Страница 2 из 24
Артисты были еще хуже, – но больше всего ужасался я женщин; они мне всегда напоминали кондоров на пустынной падали, с тошным запахом духов, с голыми шеями и руками, с бездушным, лживым голосом».[5]
К текстам Клюева можно добавить и характерный пассаж его собрата и единомышленника Сергея Есенина, еще в 1916 году выступавшего перед венценосной семьей в Царском Селе: «Россия… Царщина…/ Тоска/ И снисходительность дворянства/ Ну что ж! Так принимай Москва/ Отчаянное хулиганство./ Посмотрим кто кого возьмет! / И вот в стихах моих / Забила/ В салонный вылощенный сброд/Мочой рязанская кобыла».
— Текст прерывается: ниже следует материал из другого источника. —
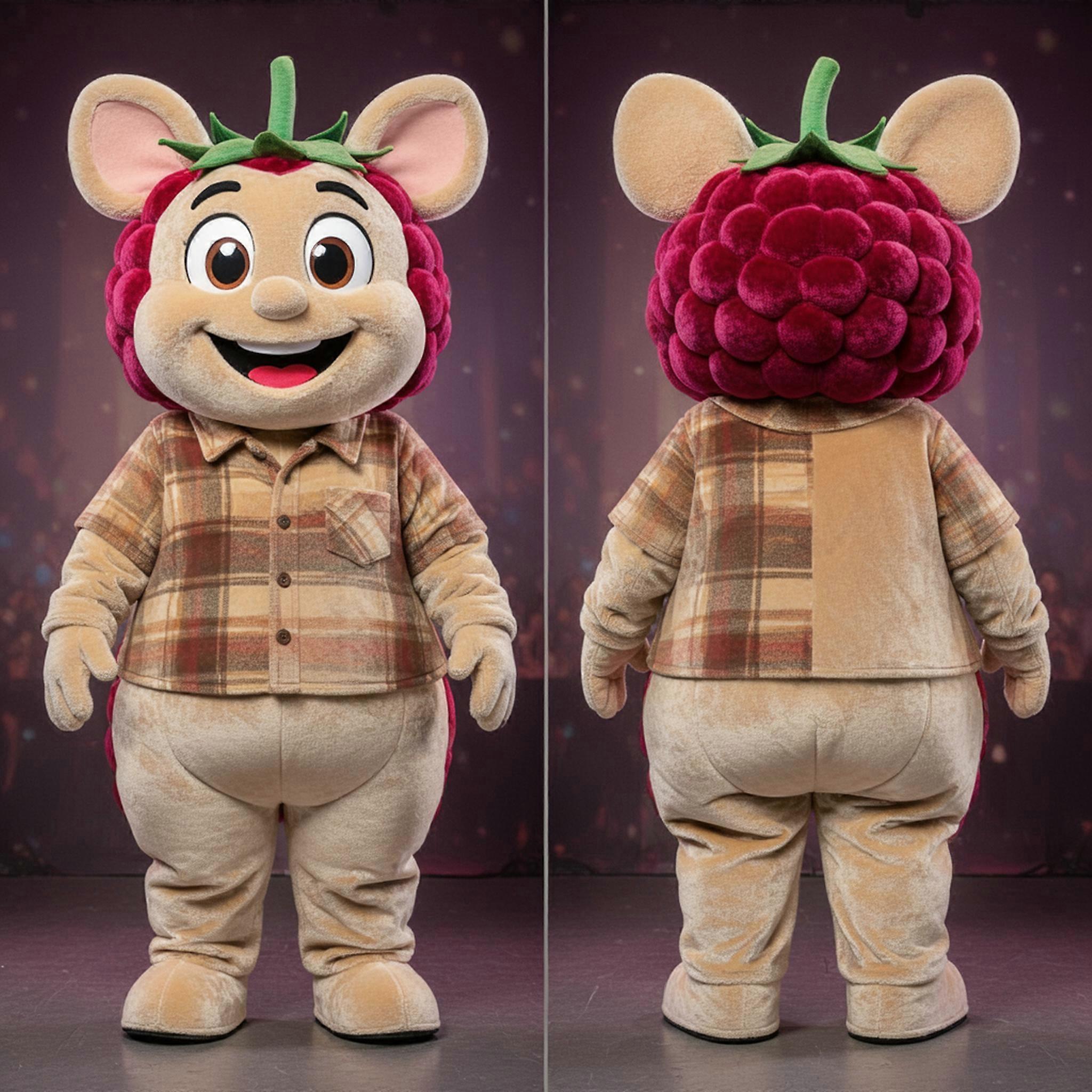 MASTICOT Beige Velvety Raspberry Mascot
Революционная смута, вспыхнувшая в столицах, быстро перешла в свою противоположность: она привела к крушению городов и разрушению городской культуры. Достаточно вспомнить улицы обезлюдевшего Петербурга, зарастающие травой, которой так опрометчиво восхитился Осип Мандельштам. Стократно описанные ужасы урбанистического выживания (ярчайший пример – «Пещера» и «Мамай» Замятина) заставляли не только «салонный сброд», но и мирных обывателей бежать либо за границу, либо в села и маленькие города, где жизнь была неизмеримо благополучней. Это время победы «Избы» и «Матери-сырой земли» над «Камнем» и «Железом» (их противопоставление – один из главных мотивов поэзии Клюева), святой крестьянской Руси – над молохом Империи.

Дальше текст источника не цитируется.